• Carly Zimmaro

Garlic-Lime, Steak Fajitas with Avocado

I have been craving steak fajitas for the longest time! This was the first time I worked with Flank Steak and it came out absolutely delicious!! The marinade is the key to this. You need a two hour time slot, otherwise they won't come out as tasty!!

The marinade smells absolutely divine! Pour about half on the flank steak, smear around, flip over, and coat with the remaining.

Looks good enough to eat as it is right? Now if you want to marinate this longer, I wouldn't go over 8 hours. Just make sure the last hour you pull the steak out of the fridge to come to room temp.

DELISHHHHH.....here's the recipe! :)


  • Flank Steak (about 1 pound or so)

  • 3 garlic cloves minced

  • 2 Tbs olive oil

  • Juice of one lime (and zest optional)

  • 1 heaping Tbs of fresh minced parsley (or cilantro)

  • 1 Tbs minced pickled jalapenos with seeds (or fresh – no seeds)

  • ½ tsp cumin

  • 4 fajita tortillas (I used multi-grain)


  • ½ c extra sharp white cheddar cheese

  • Sour Cream – mixed in some fresh chopped parsley, salt and minced garlic

  • Sliced red onions

  • Avocado Slices – tossed with some lime juice

  • Lime slices for squeezing


  1. Mix together all of your marinating ingredients and pour over your flank steak and let marinate for two hours. One hour in the fridge and the last hour at room temp.

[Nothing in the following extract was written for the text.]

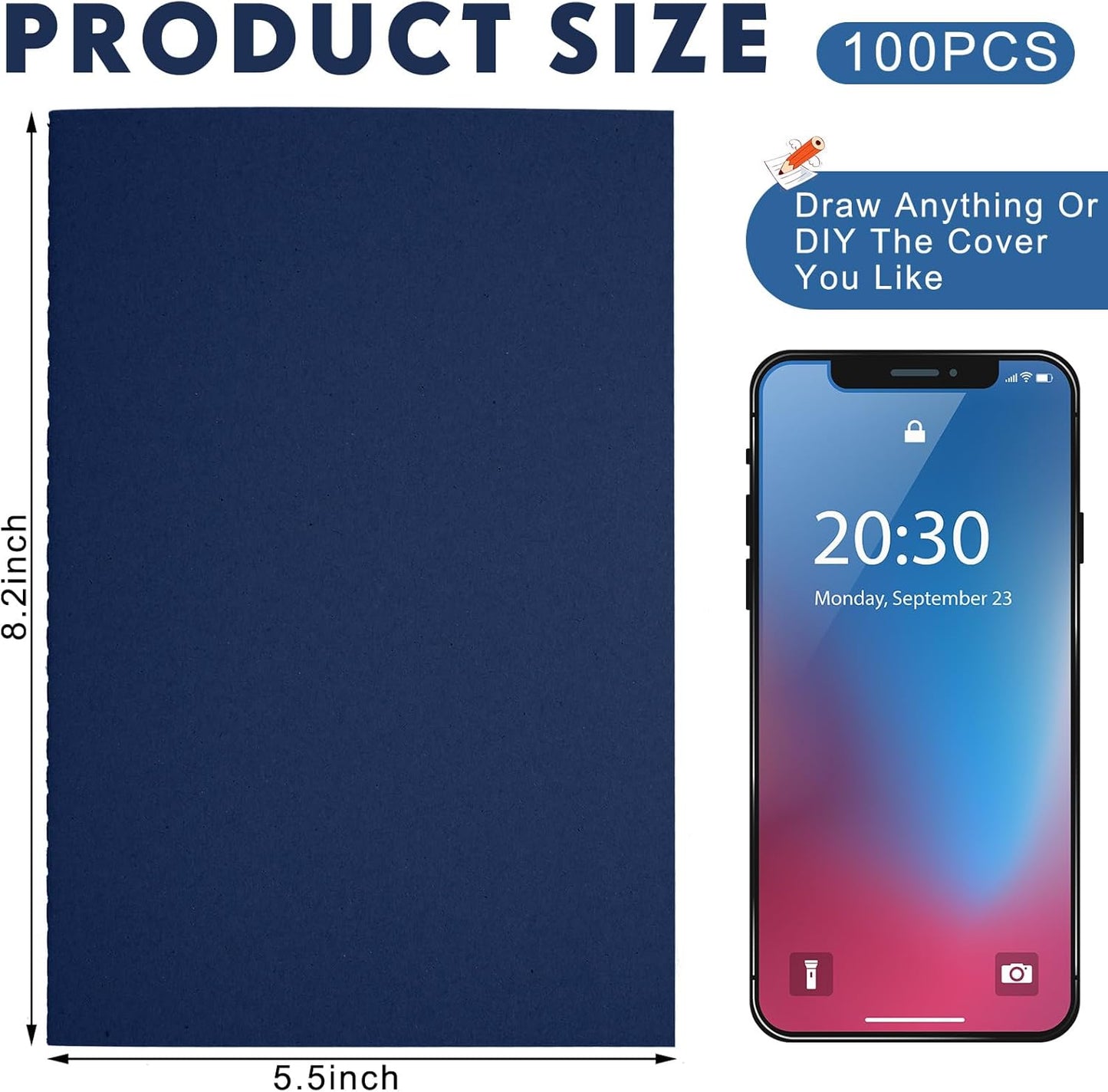 100 Pcs Kraft Notebook Journals 5.5 Inch x 8.3 Inch A5 Softcover Notebooks Bulk for Writing Sketch Office Notepad with 60 Pages 30 Sheets (Navy,Unlined)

  2. Over a skillet or griddler, get the heat HOT! Around medium-high to high.

  3. When hot, add a little olive oil and then your steak. Cook for about 3-5 minutes on each side for medium rare.

  4. Let rest for 7 minutes, this is extremely important.

  5. Meanwhile get your fajitas ready to assemble. Microwave your tortillas (if desired) for about 20 seconds. Fill with your cheese and avocado.

  6. When steak is ready slice on a sharp diagonal, against the grain into thin slices. This makes 4 nice fajitas.

  7. Layer the meat into each fajita and top with desired toppings.